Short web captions
[Start of Attachment]

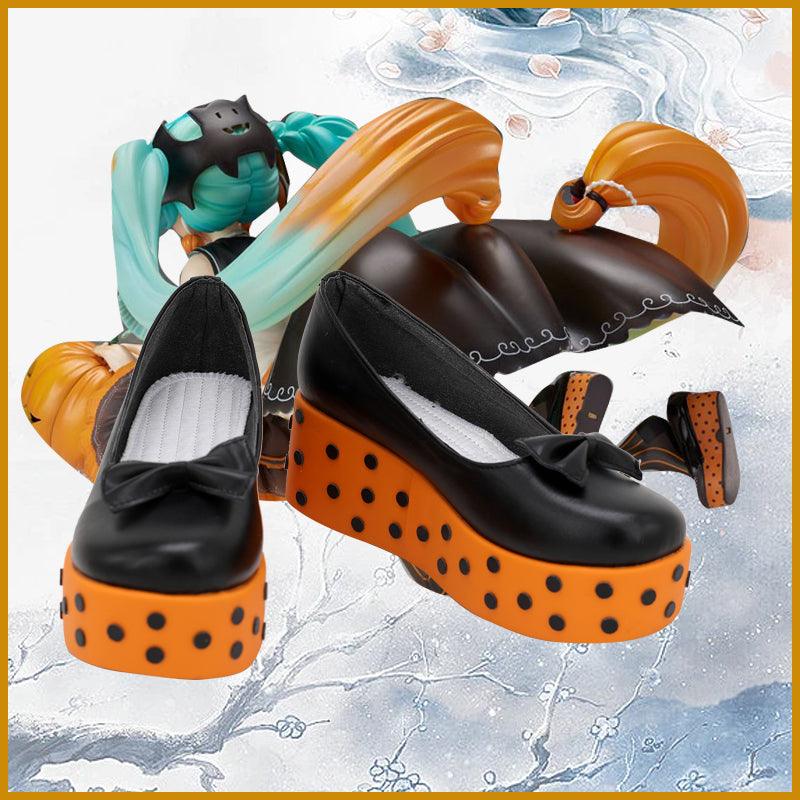 SBluuCosplay Vocaloid Hatsune Miku Pumpkin Cosplay Shoes Custom Made Boots - SBluuCosplay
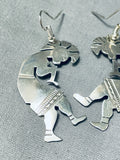 Important Native American Navajo Sterling Silver Kokopelli Earrings-Nativo Arts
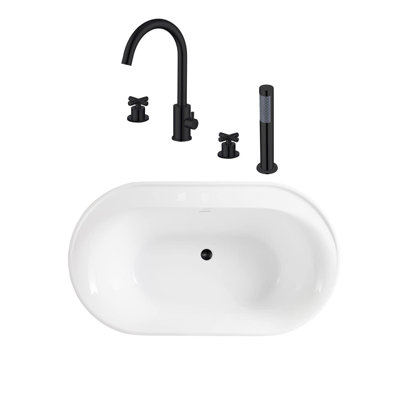 66'' x 32.5'' Freestanding Soaking Acrylic Bathtub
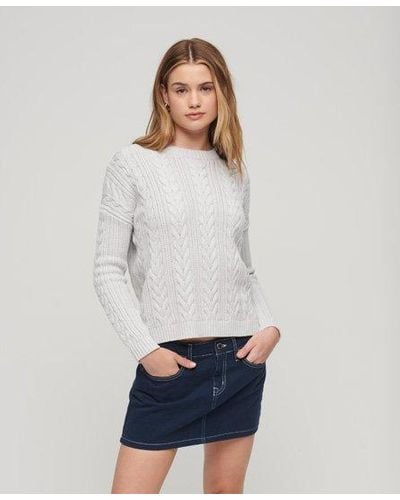Superdry Dropped Shoulder Cable Crew Jumper - White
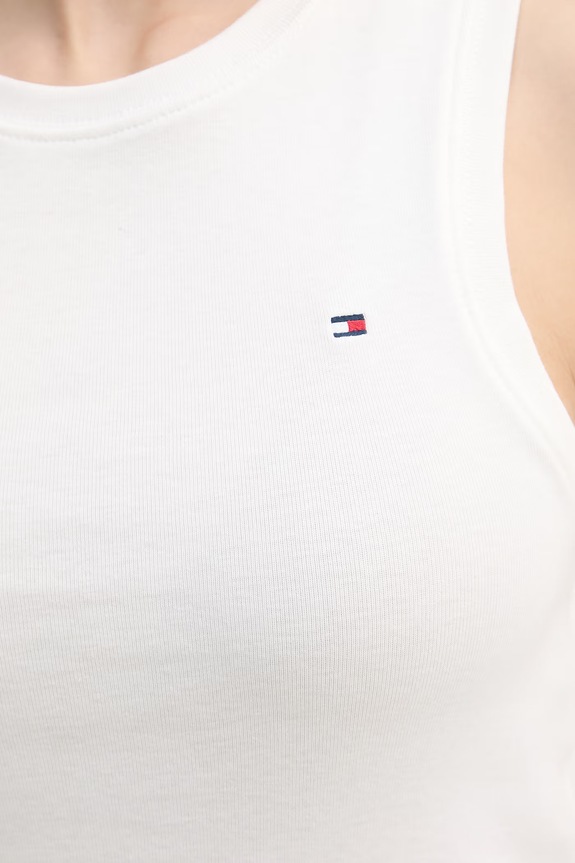 Tommy Hilfiger top damski bawełniany WW0WW47806 biały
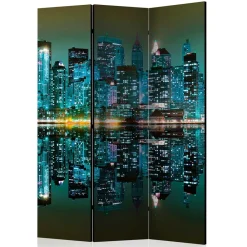 Wohnen Foto Paravent mit Skyline New York bei Nacht - Salutare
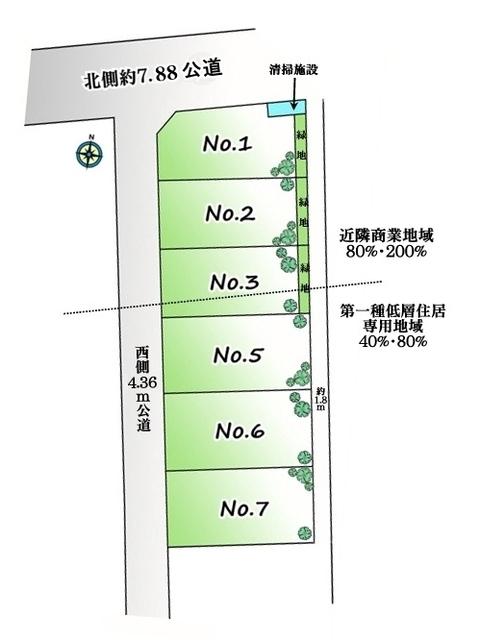 The entire compartment Figure. Higashi Kurume City center-cho 6-chome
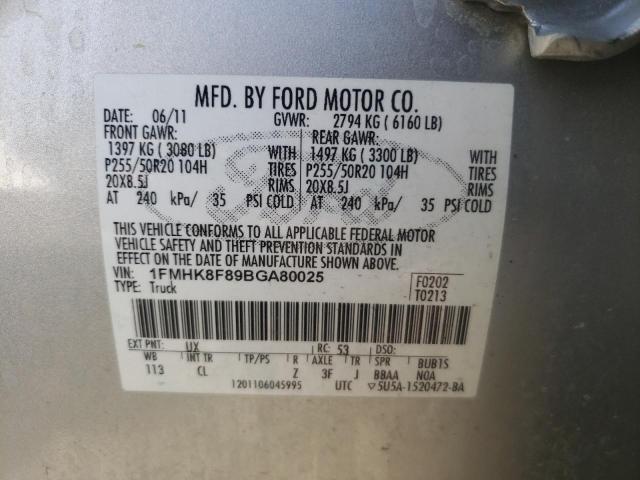 2011 FORD EXPLORER L - 1FMHK8F89BGA80025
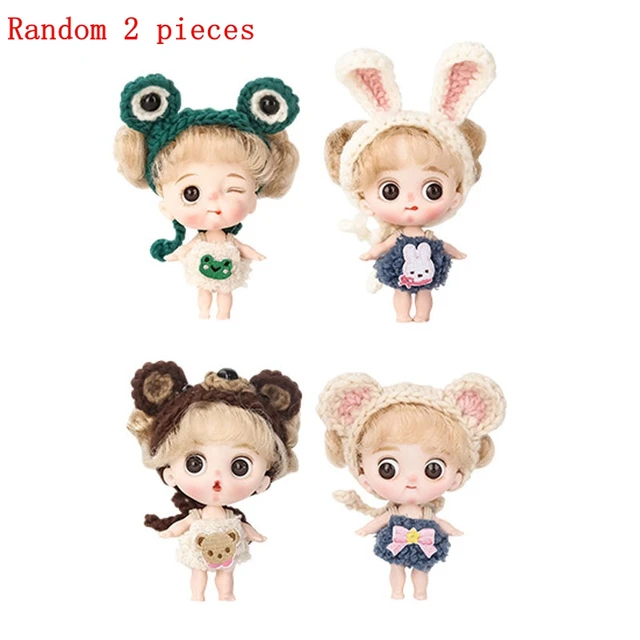 Adollya 2Pieces/Set 10cm OB11 BJD Doll with Clothes 5 Joints 3D Eye Doll Make-up Body Cute 1/12 BJD Dolls Toys for Girls Gifts 6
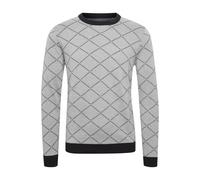 Rundhalspullover BLEND "BHNison", Herren, Gr. XXL, stone mix, Feinstrick, 100% Baumwolle, kariert, regular fit normal, Rundhals, eng, Pullover Rundhalspullover, Feinstrick Pullover mit Rundhalsausschn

[End of Attachment]

Exercise:
The range runs from the line containing "The entire compartment" through the end of the entries; print those lines exactly and leave the pictures out.

Answer for the task:
 The entire compartment Figure. Higashi Kurume City center-cho 6-chome
 2011 FORD EXPLORER L - 1FMHK8F89BGA80025
 Adollya 2Pieces/Set 10cm OB11 BJD Doll with Clothes 5 Joints 3D Eye Doll Make-up Body Cute 1/12 BJD Dolls Toys for Girls Gifts 6
 Rundhalspullover BLEND "BHNison", Herren, Gr. XXL, stone mix, Feinstrick, 100% Baumwolle, kariert, regular fit normal, Rundhals, eng, Pullover Rundhalspullover, Feinstrick Pullover mit Rundhalsausschn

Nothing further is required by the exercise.